Monday, July 29, 2013

What Small Group Pastors Do: Pt 10

Provide Group Leader Training

Small group leaders need training. Whether you are overseeing traditional small groups or innovative missional communities, those leaders need training. I've found the following levels of training provide a great framework that can be adapted for your context:

Level 1: Introductory training for new or developing leaders. This is a basic initiation into the role and responsibilities. Most new leaders won't remember what you have to share if you give them too much information. In my experience, most new leaders are primarily asking how they can lead a good meeting. That's why I suggest that you start there. There are tons of great materials on this subject. In my first book, Cell Group Leader Training I summarize the basics of leading group meetings in the first four sessions.

Level 2: A supplemental resource that provides general information about most aspects of leading a group. There are more books on this subject that you can count. Two of the best that I've found include How to Lead a Great Small Group Meeting by Joel Comiskey and Leading Life-Changing Small Groups by Bill Donahue. Most people won't read these straight through, but they will refer to them when they have questions.

Level 3: Just-in-Time training. Leaders need continuing education that comes in small chunks. One of the best ways to provide this for your leaders is by using the resources at You can also do this by recording your own videos for your own youtube channel, referencing various helpful blog posts, and writing tips on your own blog. You can even caste vision and encourage your leaders through short videos. This continuing education should also ground the leader in the ministry that they do outside of the meeting. For this, let me suggest Small Group Vital Signs by Michael Mack.

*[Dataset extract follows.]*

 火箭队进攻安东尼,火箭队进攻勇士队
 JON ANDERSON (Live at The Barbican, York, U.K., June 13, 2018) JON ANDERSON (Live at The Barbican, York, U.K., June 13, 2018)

Level 4: Vision Casting for All Leaders. In the past, the common approach was to gather leaders once per month and do what Carl George called VHS, V-vision, H-huddle, S-skills. Now with all that can be done through the web, quarterly or bi-annual gatherings for all leaders should be sufficient.

Note: these four levels focus on training, not mentoring, coaching, or leadership growth that occurs through teams. The more programmed your small group system is, the less training your group leaders will need because they will depend more on your curriculum and structures. The more missional and organic your system, the more you will need to depend on mentoring, but that's for another post. This is a basic middle ground training pattern that can be adapted for various needs.

Ideas for Training

When I coach small group pastors and consult with churches, I don't assume that the person who hold the pastoral position of "small group pastor" will do the training. Their job is to provide the training, which might be done by other people. Now you might be a great trainer and therefore you will do it.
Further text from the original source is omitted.